Support Questions

Find answers, ask questions, and share your expertise

How to run spark-submit in virtualenv for pyspark?

avatar
Expert Contributor

Is there a way to run spark-submit (spark v2.3.2 from HDP 3.1.0) while in a virtualenv? Have situation where have python file that uses python3 (and some specific libs) in a virtualenv (to isolate lib versions from rest of system). I would like to run this file with /bin/spark-submit, but attempting to do so I get...

[me@myserver tests]$ source ../venv/bin/activate; /bin/spark-submit sparksubmit.test.py 
  File "/bin/hdp-select", line 255    print "ERROR: Invalid package - " + name
                                    ^
SyntaxError: Missing parentheses in call to 'print'. Did you mean print("ERROR: Invalid package - " + name)?ls: cannot access /usr/hdp//hadoop/lib: No such file or directoryException in thread "main" java.lang.IllegalStateException: hdp.version is not set while running Spark under HDP, please set through HDP_VERSION in spark-env.sh or add a java-opts file in conf with -Dhdp.version=xxx
    at org.apache.spark.launcher.Main.main(Main.java:118)

# also tried...
(venv) [me@myserver tests]$ export HADOOP_CONF_DIR=/etc/hadoop/conf; spark-submit --master yarn --deploy-mode cluster sparksubmit.test.py 19/12/12 13:50:20 WARN util.NativeCodeLoader: Unable to load native-hadoop library for your platform... using builtin-java classes where applicable19/12/12 13:50:20 WARN shortcircuit.DomainSocketFactory: The short-circuit local reads feature cannot be used because libhadoop cannot be loaded.
Exception in thread "main" java.lang.NoClassDefFoundError: com/sun/jersey/api/client/config/ClientConfig    at org.apache.hadoop.yarn.client.api.TimelineClient.createTimelineClient(TimelineClient.java:55)
    ....    at org.apache.spark.deploy.SparkSubmit.main(SparkSubmit.scala)
Caused by: java.lang.ClassNotFoundException: com.sun.jersey.api.client.config.ClientConfig

Not sure what to make of this or how to proceed further and did not totally understand the error message after googling it.

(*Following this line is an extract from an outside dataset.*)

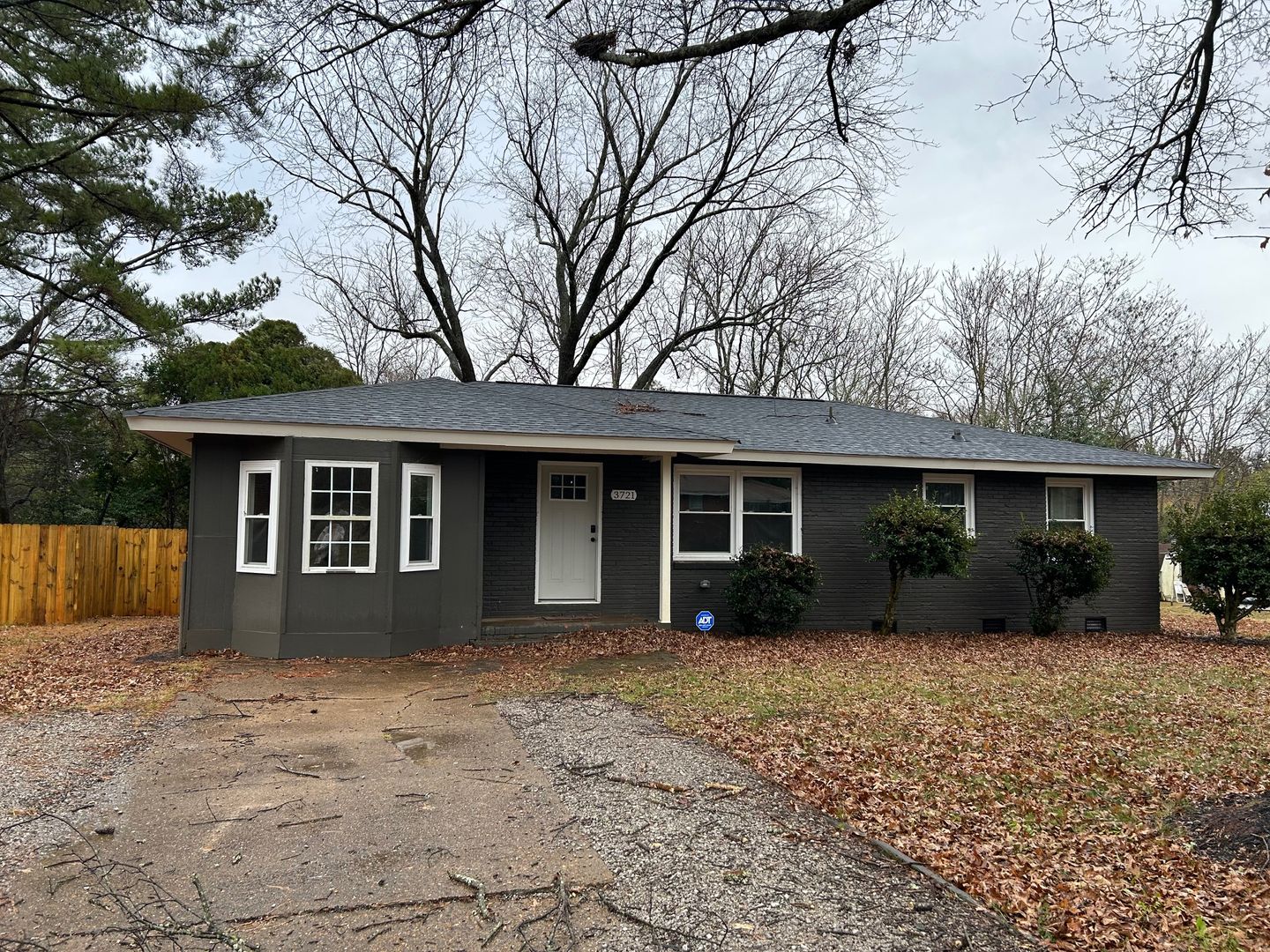Huntsville House: 3721 Broadmor Road NW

Anyone with more experience have any further debugging tips for this or fixes?

1 ACCEPTED SOLUTION

avatar
Expert Contributor

@jsensharma 

1. Need to use python3 and would like to continue to do so in the future considering that python2 will stop being maintained in 2020 (I would think others would have a similar desire as well) and am currently adding the option

export PYSPARK_PYTHON=/path/to/my/virtualenv/bin/python; spark-submit sparksubmit.test.py

 as a workaround (else, this may be helpful: https://stackoverflow.com/a/51508990/8236733 or using the --pyfiles option).

 

2. IDK where that path reference is coming from since "../venv/bin/activate" is just activating a virtualenv and "sparksubmit.test.py" code is just

 

 

 

 

from os import environ
import time
import pprint
import platform

pp = pprint.PrettyPrinter(indent=4)

sparkSession = SparkSession.builder.appName("TEST").getOrCreate()
sparkSession._jsc.sc().setLogLevel("WARN")

print(platform.python_version())

def testfunc(num: int) -> str:
    return "type annotations look ok"
print(testfunc(1))

print("\n\nYou are using %d nodes in this session\n\n" % sparkSession._jsc.sc().getExecutorMemoryStatus().keySet().size())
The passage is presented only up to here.